How to store microsecond level timestamps in cassandra? - cassandra

I'm trying to store data in cassandra which contains microsecond level timestamps.
Cassandra's docs say that the 'timestamp' data type can store milliseconds since epoch but several messages on the internet seem to imply that cassandra can natively store microsecond timestamps.
What is the best way practice for storing microsecond level times in cassandra? Should I just leave out the date part and store a long?
I'm trying to sore a columsn which look like this:
2015-11-18 07:30:46.700824
I get the following error:
ErrorMessage code=2200 [Invalid query] message="unable to coerce '2015-11-18 07:30:18.261543' to a formatted date (long)"
Aborting import at record #1. Previously inserted records are still present, and some records after that may be present as well.
My cassandra version:
[cqlsh 5.0.1 | Cassandra 2.1.11 | CQL spec 3.2.1 | Native protocol v3]
EDIT:
Here is an example of microsecond confusion in Cassandra's own docs:
"CAS and new features in CQL such as DROP COLUMN assume that cell timestamps are microseconds-since-epoch"
https://docs.datastax.com/en/upgrade/doc/upgrade/cassandra/upgradeChangesC_c.html
Another: https://issues.apache.org/jira/browse/CASSANDRA-8297
EDIT2:
I should mention that I intend to query this using spark. From what I understand, spark parses its own flavor of sql and translates it to cassandra (although I'm using CassandraContext in zeppelin). Anything which might help or hinder my search for microsecond level timestmaps?

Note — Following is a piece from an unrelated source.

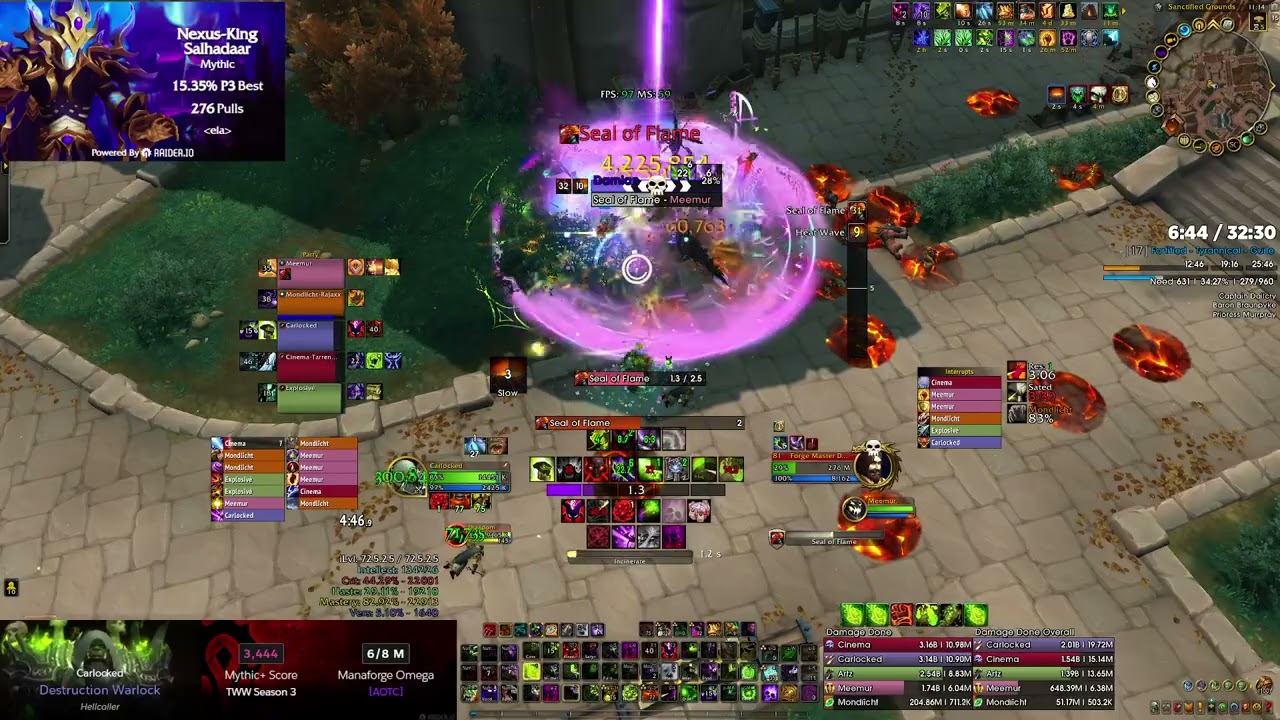 Priory of the Sacred Flame +17 | Destruction Warlock S3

You can use bigint or a timeuuid. Type 1 uuid's have 100ns precision so it can cover you. Some utilities, libraries, convenience functions may not give you what you need though so be prepared to write some uuid functions.

Related

Spark: Continuously reading data from Cassandra

I have gone through Reading from Cassandra using Spark Streaming and through tutorial-1 and tutorial-2 links.
Is it fair to say that Cassandra-Spark integration currently does not provide anything out of the box to continuously get the updates from Cassandra and stream them to other systems like HDFS?
By continuously, I mean getting only those rows in a table which have changed (inserted or updated) since the last fetch by Spark. If there are too many such rows, there should be an option to limit the number of rows and the subsequent spark fetch should begin from where it left off. At-least once guarantee is ok but exactly-once would be a huge welcome.
If its not supported, one way to support it could be to have an auxiliary column updated_time in each cassandra-table that needs to be queried by storm and then use that column for queries. Or an auxiliary table per table that contains ID, timestamp of the rows being changed. Has anyone tried this before?
I don't think Apache Cassandra has this functionality out of the box. Internally [for some period of time] it stores all operations on data in sequential manner, but it's per node and it gets compacted eventually (to save space). Frankly, Cassandra's (as most other DB's) promise is to provide latest view of data (which by itself can be quite tricky in distributed environment), but not full history of how data was changing.
So if you still want to have such info in Cassandra (and process it in Spark), you'll have to do some additional work yourself: design dedicated table(s) (or add synthetic columns), take care of partitioning, save offset to keep track of progress, etc.
Cassandra is ok for time series data, but in your case I would consider just using streaming solution (like Kafka) instead of inventing it.
I agree with what Ralkie stated but wanted to propose one more solution if you're tied to C* with this use case. This solution assumes you have full control over the schema and ingest as well. This is not a streaming solution though it could awkwardly be shoehorned into one.
Have you considered using composite key composed of the timebucket along with a murmur_hash_of_one_or_more_clustering_columns % some_int_designed_limit_row_width? In this way, you could set your timebuckets to 1 minute, 5 minutes, 1 hour, etc depending on how "real-time" you need to analyze/archive your data. The murmur hash based off of one or more of the clustering columns is needed to help located data in the C* cluster (and is a terrible solution if you're often looking up specific clustering columns).
For example, take an IoT use case where sensors report in every minute and have some sensor reading that can be represented as an integer.
create table if not exists iottable {
timebucket bigint,
sensorbucket int,
sensorid varchar,
sensorvalue int,
primary key ((timebucket, sensorbucket), sensorid)
} with caching = 'none'
and compaction = { 'class': 'com.jeffjirsa.cassandra.db.compaction.TimeWindowedCompaction' };
Note the use of TimeWindowedCompaction. I'm not sure what version of C* you're using; but with the 2.x series, I'd stay away from DateTieredCompaction. I cannot speak to how well it performs in 3.x. Any any rate, you should test and benchmark extensively before settling on your schema and compaction strategy.
Also note that this schema could result in hotspotting as it is vulnerable to sensors that report more often than others. Again, not knowing the use case it's hard to provide a perfect solution -- it's just an example. If you don't care about ever reading C* for a specific sensor (or column), you don't have to use a clustering column at all and you can simply use a timeUUID or something random for the murmur hash bucketing.
Regardless of how you decide to partition the data, a schema like this would then allow you to use repartitionByCassandraReplica and joinWithCassandraTable to extract the data written during a given timebucket.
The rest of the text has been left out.